- [EXERCISE AIM] This exercise calls for every record to be returned exactly, with pictures removed.

BEGIN RECORDS SUPPLIED

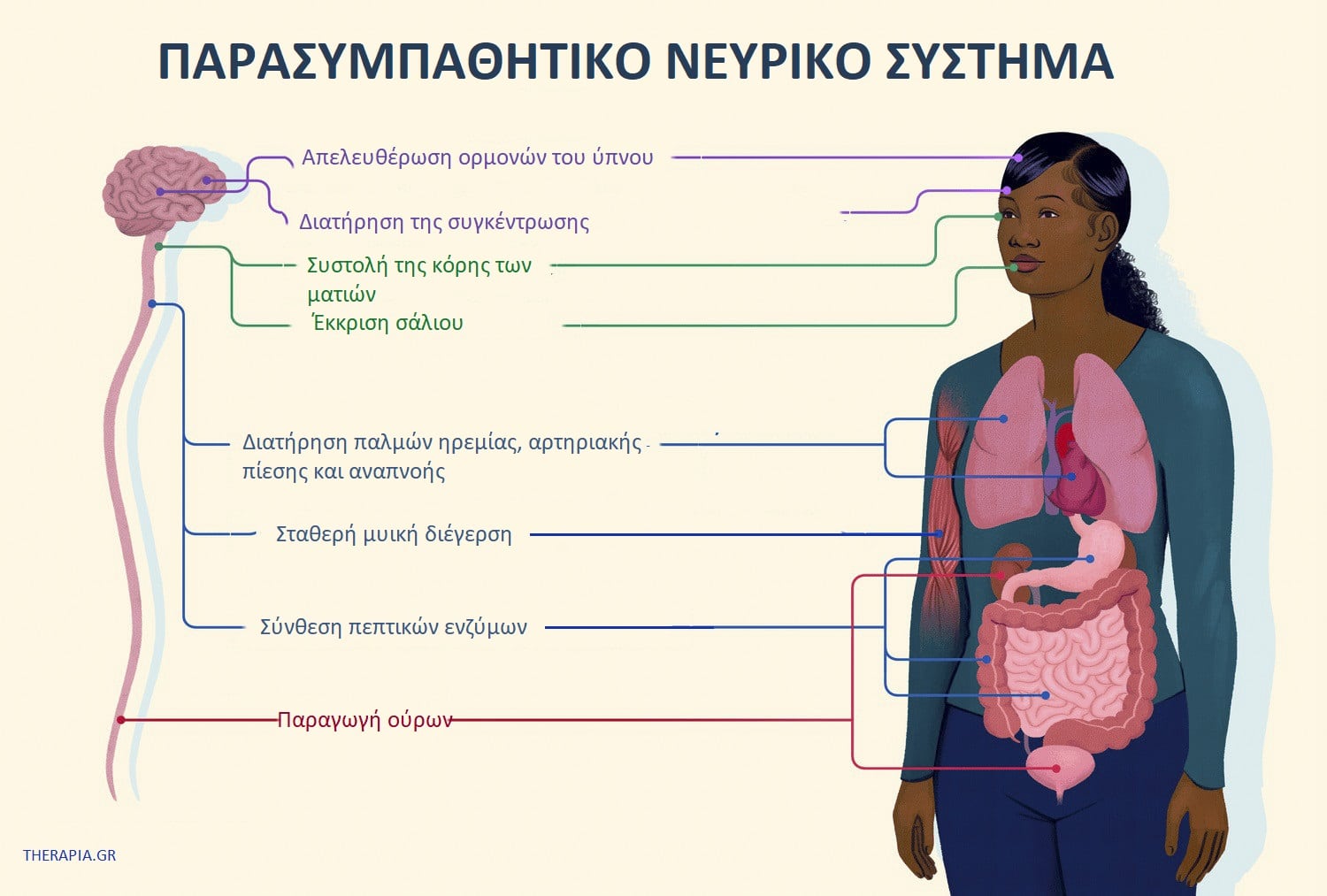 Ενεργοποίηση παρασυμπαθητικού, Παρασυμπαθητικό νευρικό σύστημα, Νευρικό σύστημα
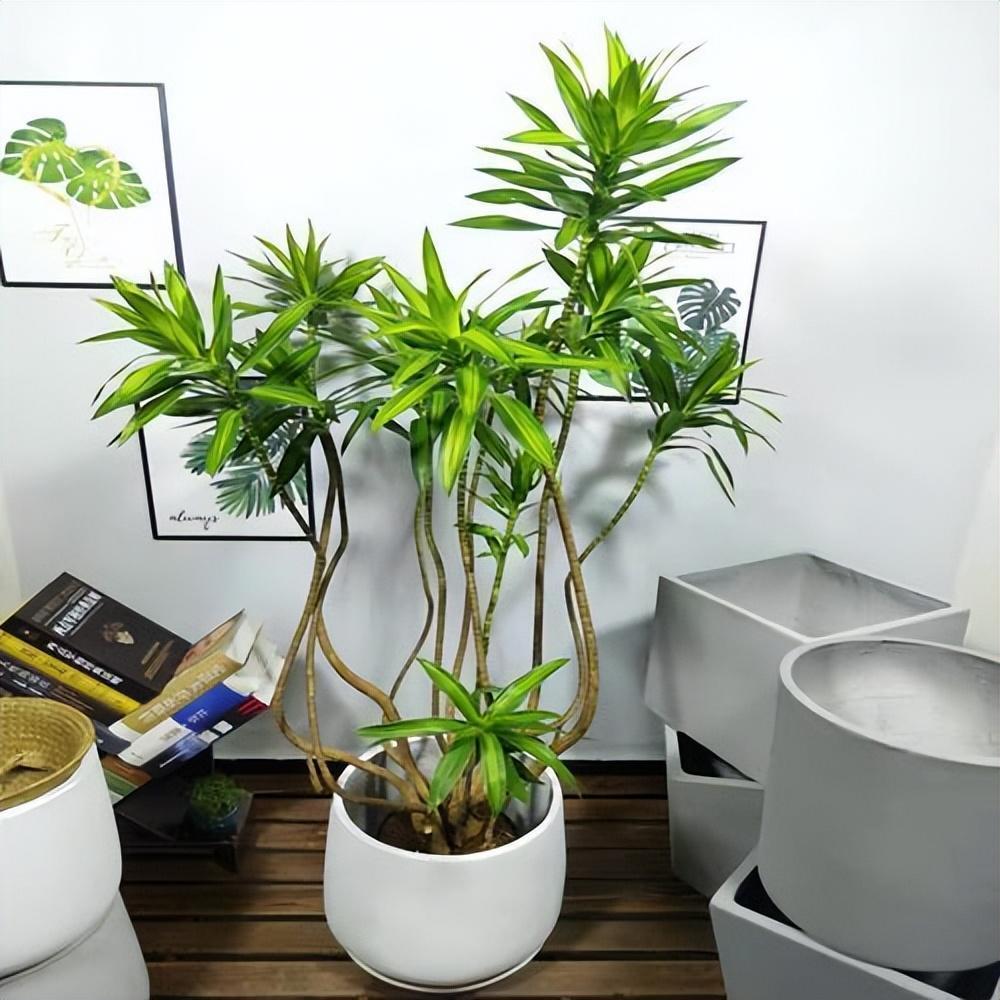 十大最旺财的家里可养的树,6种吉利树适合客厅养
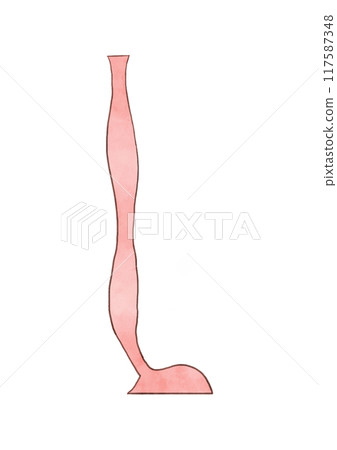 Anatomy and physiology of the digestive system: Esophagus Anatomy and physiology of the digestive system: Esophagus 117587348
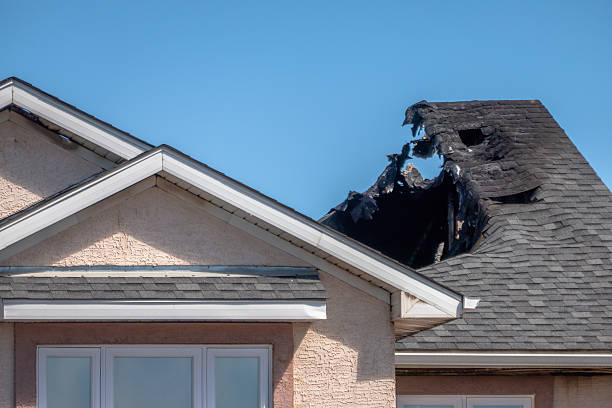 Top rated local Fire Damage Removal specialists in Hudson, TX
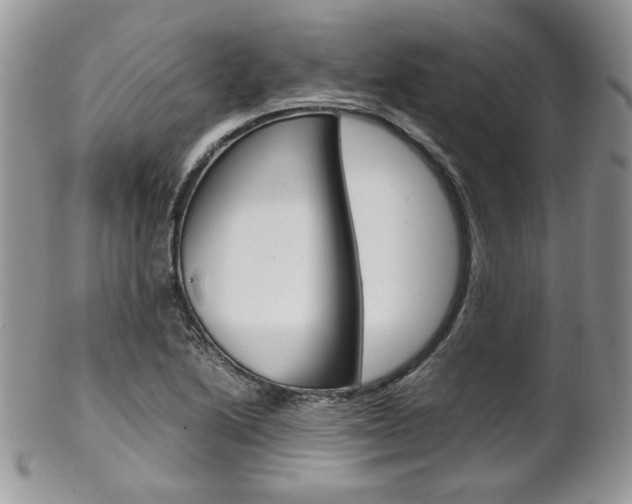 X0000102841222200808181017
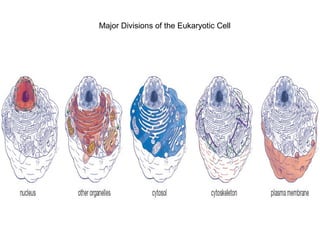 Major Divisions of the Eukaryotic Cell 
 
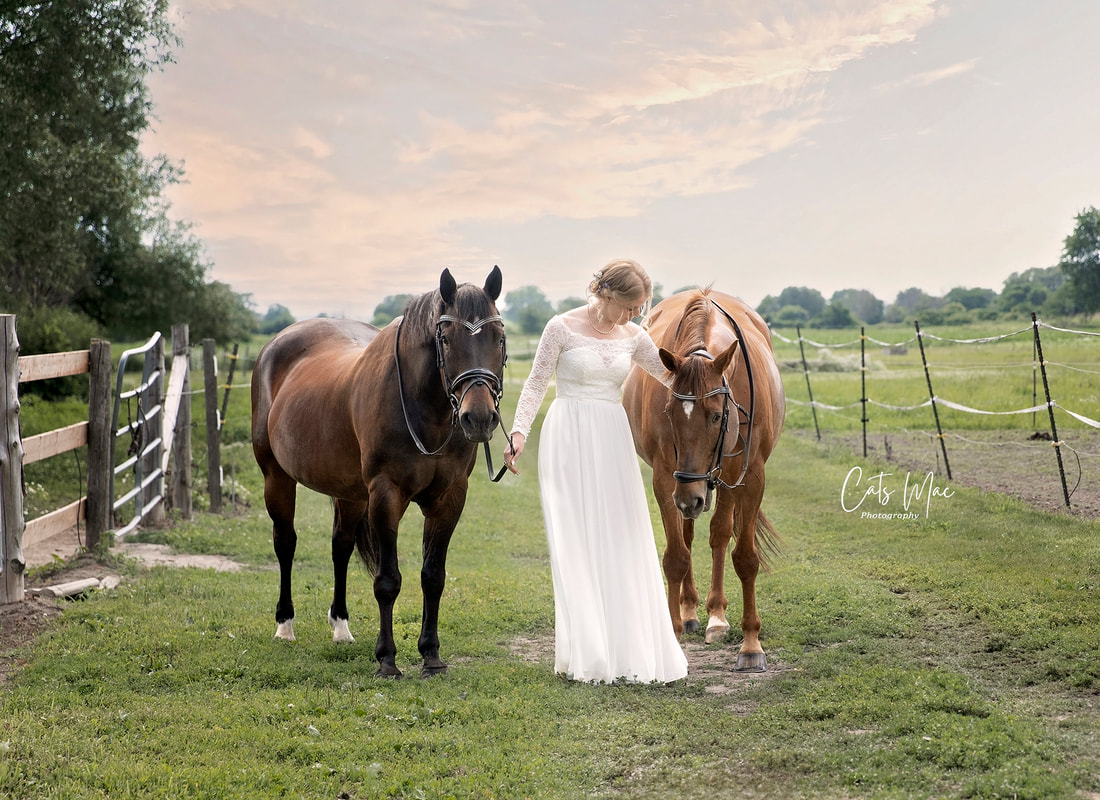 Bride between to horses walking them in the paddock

END RECORDS SUPPLIED

- [EXERCISE OUTPUT]
 Ενεργοποίηση παρασυμπαθητικού, Παρασυμπαθητικό νευρικό σύστημα, Νευρικό σύστημα
 十大最旺财的家里可养的树,6种吉利树适合客厅养
 Anatomy and physiology of the digestive system: Esophagus Anatomy and physiology of the digestive system: Esophagus 117587348
 Top rated local Fire Damage Removal specialists in Hudson, TX
 X0000102841222200808181017
 Major Divisions of the Eukaryotic Cell 
 
 Bride between to horses walking them in the paddock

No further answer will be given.